In de overwegingen van de voorzieningenrechter werd opgemerkt dat er eerder op 5 september 2024 een verzoek om voorlopige voorziening was toegewezen. Het nieuwe verzoek om voorlopige voorziening, ingediend op dezelfde datum, bevatte echter geen nieuwe feiten of omstandigheden die een wijziging of opheffing van de eerdere voorziening rechtvaardigden. Daarom werd het verzoek afgewezen. De minister van Asiel en Migratie werd niet verplicht om proceskosten te vergoeden. De uitspraak werd gedaan door mr. J.Th. Drop, in tegenwoordigheid van mr. J. van de Kolk, griffier, en werd openbaar uitgesproken op dezelfde datum.

Uitspraak

202405377/3/V3.
Datum uitspraak: 16 oktober 2024
AFDELING
BESTUURSRECHTSPRAAK
Uitspraak van de voorzieningenrechter van de Afdeling bestuursrechtspraak van de Raad van State op een verzoek om het treffen van een voorlopige voorziening (artikel 8:81 van de Algemene wet bestuursrecht), met toepassing van artikel 8:83, derde lid, van die wet, hangende het hoger beroep van:
[de vreemdeling],
verzoeker,
tegen de uitspraak van de rechtbank Den Haag, zittingsplaats Middelburg, van 19 augustus 2024 in zaak nr. NL24.27786 in het geding tussen:
de vreemdeling
en
de minister van Asiel en Migratie.
Procesverloop
Bij besluit van 9 juli 2024 heeft de staatssecretaris van Justitie en Veiligheid een aanvraag van de vreemdeling om hem een verblijfsvergunning asiel voor bepaalde tijd te verlenen, niet in behandeling genomen.
Bij uitspraak van 19 augustus 2024 heeft de rechtbank het daartegen door de vreemdeling ingestelde beroep ongegrond verklaard.

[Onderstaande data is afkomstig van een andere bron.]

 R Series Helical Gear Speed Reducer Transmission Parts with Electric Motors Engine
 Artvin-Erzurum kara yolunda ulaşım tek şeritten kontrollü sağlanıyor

Tegen deze uitspraak heeft de vreemdeling hoger beroep ingesteld. Ook heeft hij de voorzieningenrechter verzocht een voorlopige voorziening te treffen.
Overwegingen
1.       Bij uitspraak van 5 september 2024 heeft de Afdeling een verzoek om voorlopige voorziening van de vreemdeling toegewezen. Uit het nadere verzoek om voorlopige voorziening van diezelfde datum blijkt niet dat opheffing of wijziging van de getroffen voorlopige voorziening wordt beoogd, terwijl de daarin aangevoerde feiten en omstandigheden daar ook geen aanleiding toe geven. Het verzoek moet daarom worden afgewezen.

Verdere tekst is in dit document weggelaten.